### AIM OF THE TASK
Omit every image, and transcribe the remaining entries exactly as given.

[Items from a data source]
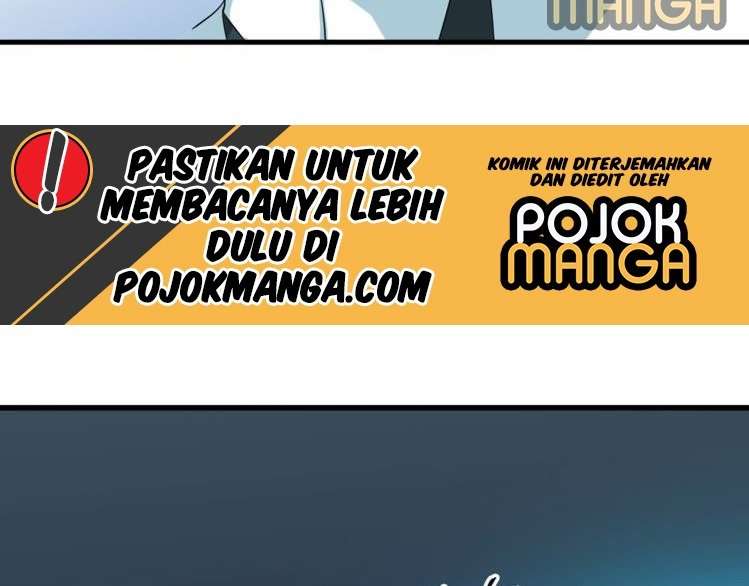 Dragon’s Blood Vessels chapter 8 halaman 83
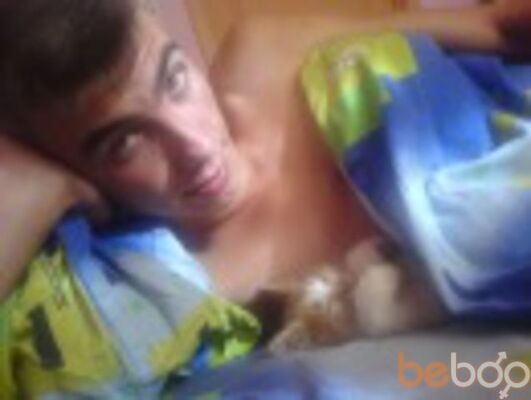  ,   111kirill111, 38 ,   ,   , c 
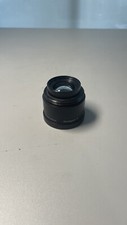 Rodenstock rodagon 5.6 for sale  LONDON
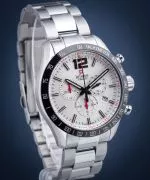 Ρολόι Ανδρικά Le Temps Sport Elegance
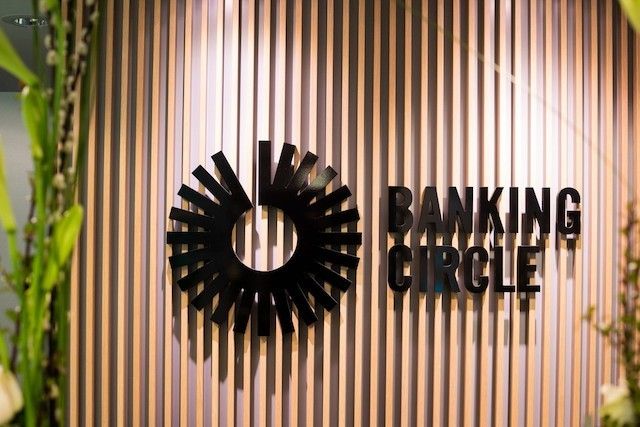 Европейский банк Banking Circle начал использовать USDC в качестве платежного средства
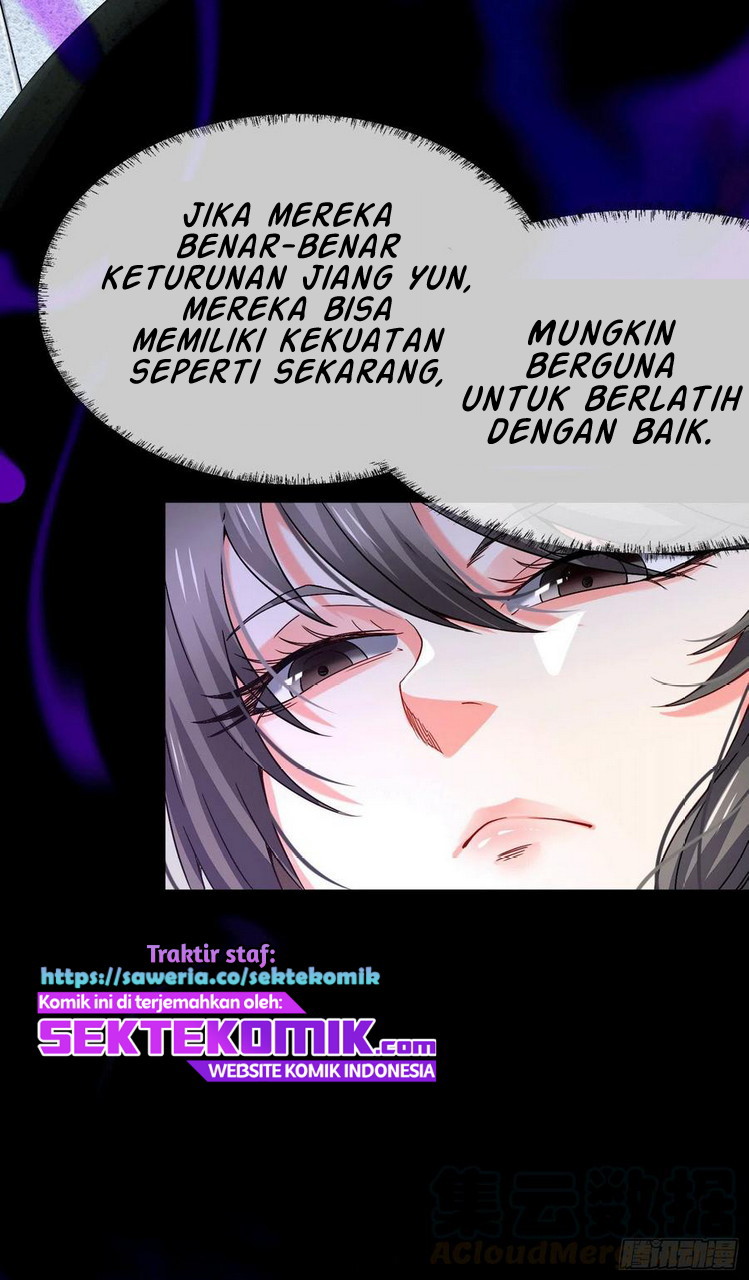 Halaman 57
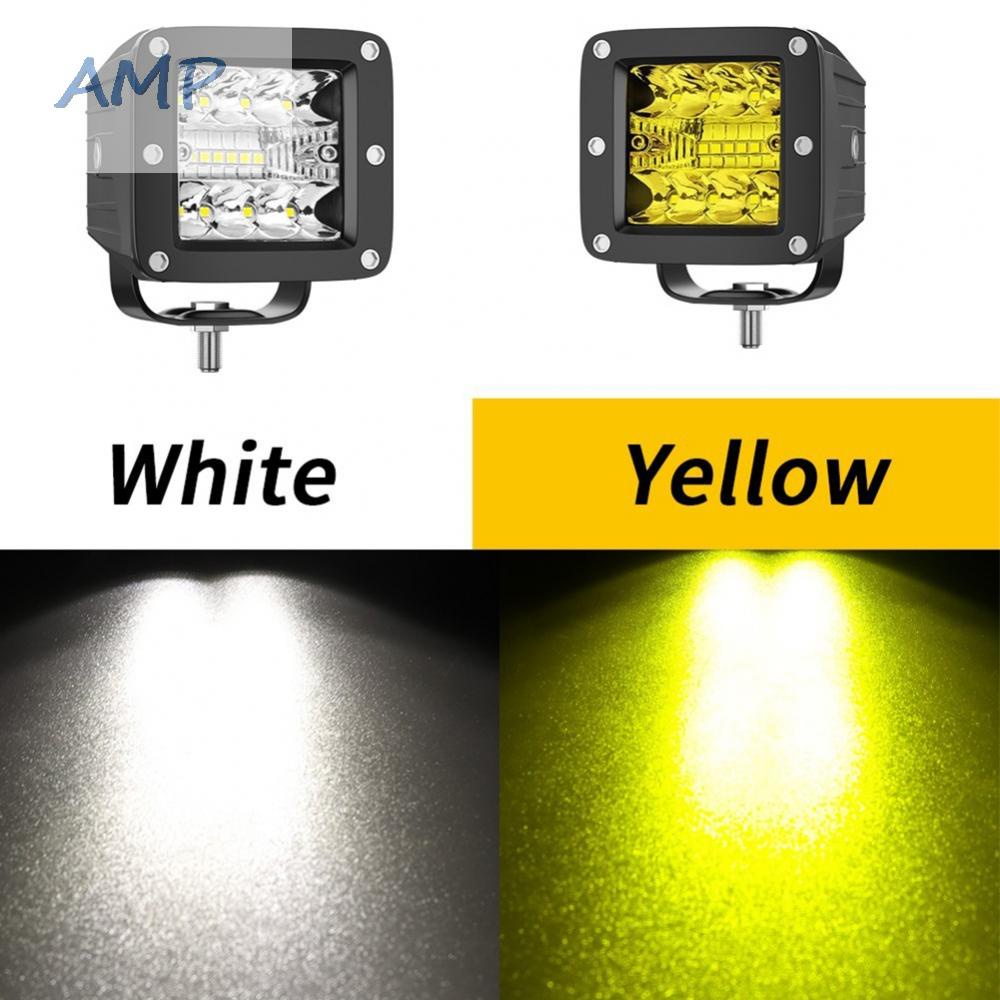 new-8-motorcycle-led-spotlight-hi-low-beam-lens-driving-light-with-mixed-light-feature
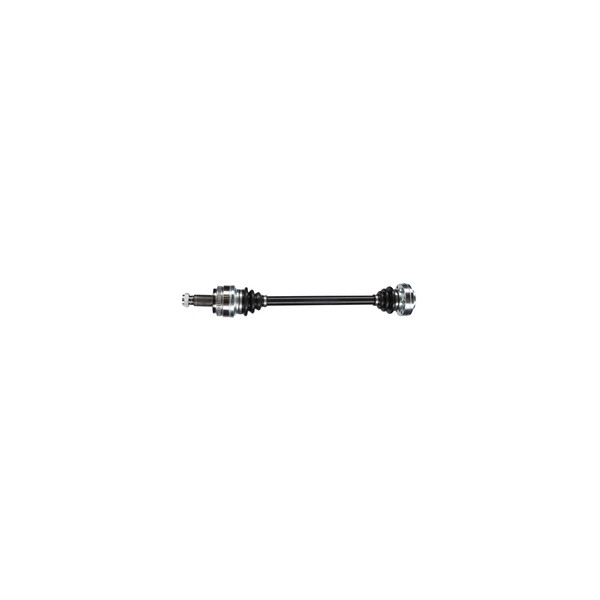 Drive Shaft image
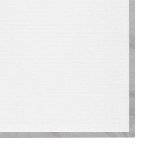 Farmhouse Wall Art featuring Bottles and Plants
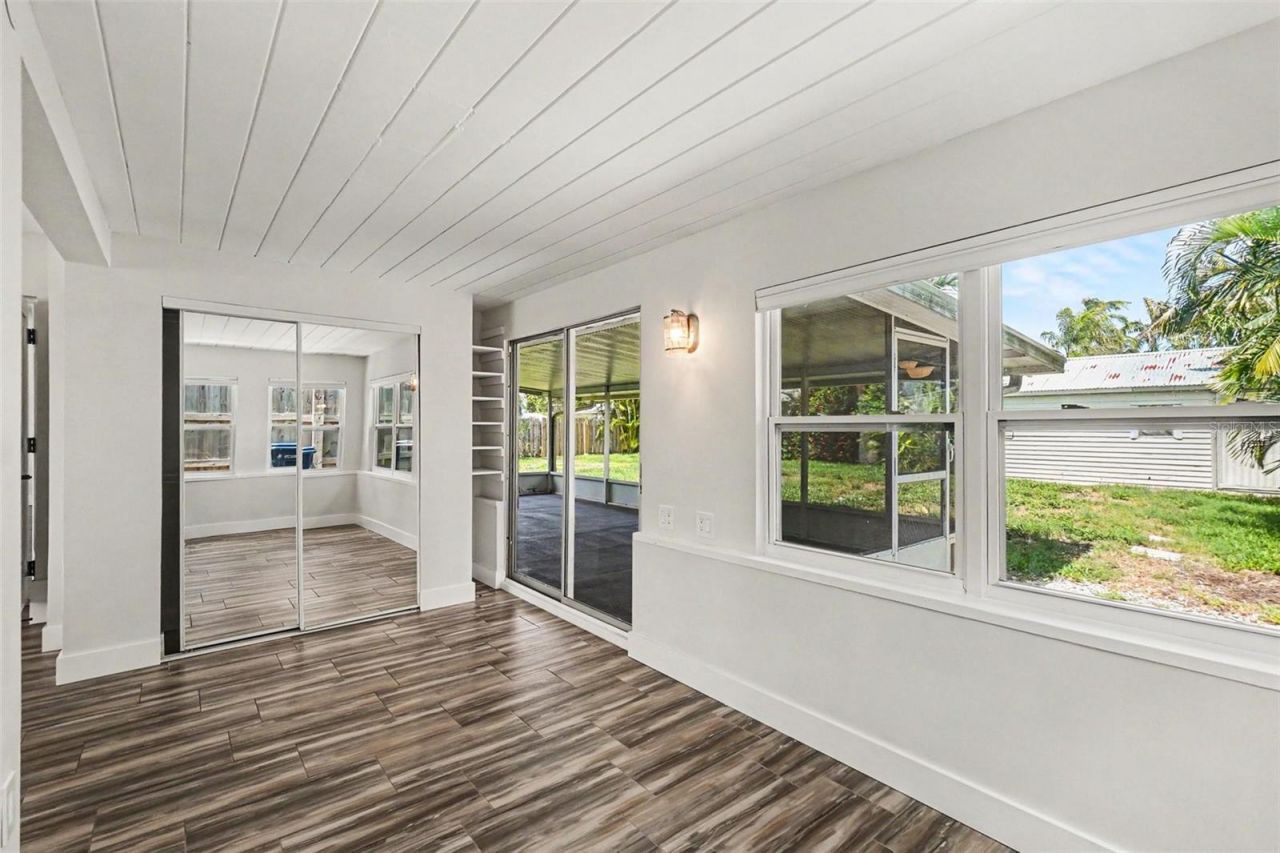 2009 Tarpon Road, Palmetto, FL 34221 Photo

### SOLUTION BELOW
 Dragon’s Blood Vessels chapter 8 halaman 83
  ,   111kirill111, 38 ,   ,   , c 
 Rodenstock rodagon 5.6 for sale  LONDON
 Ρολόι Ανδρικά Le Temps Sport Elegance
 Европейский банк Banking Circle начал использовать USDC в качестве платежного средства
 Halaman 57
 new-8-motorcycle-led-spotlight-hi-low-beam-lens-driving-light-with-mixed-light-feature
 Drive Shaft image
 Farmhouse Wall Art featuring Bottles and Plants
 2009 Tarpon Road, Palmetto, FL 34221 Photo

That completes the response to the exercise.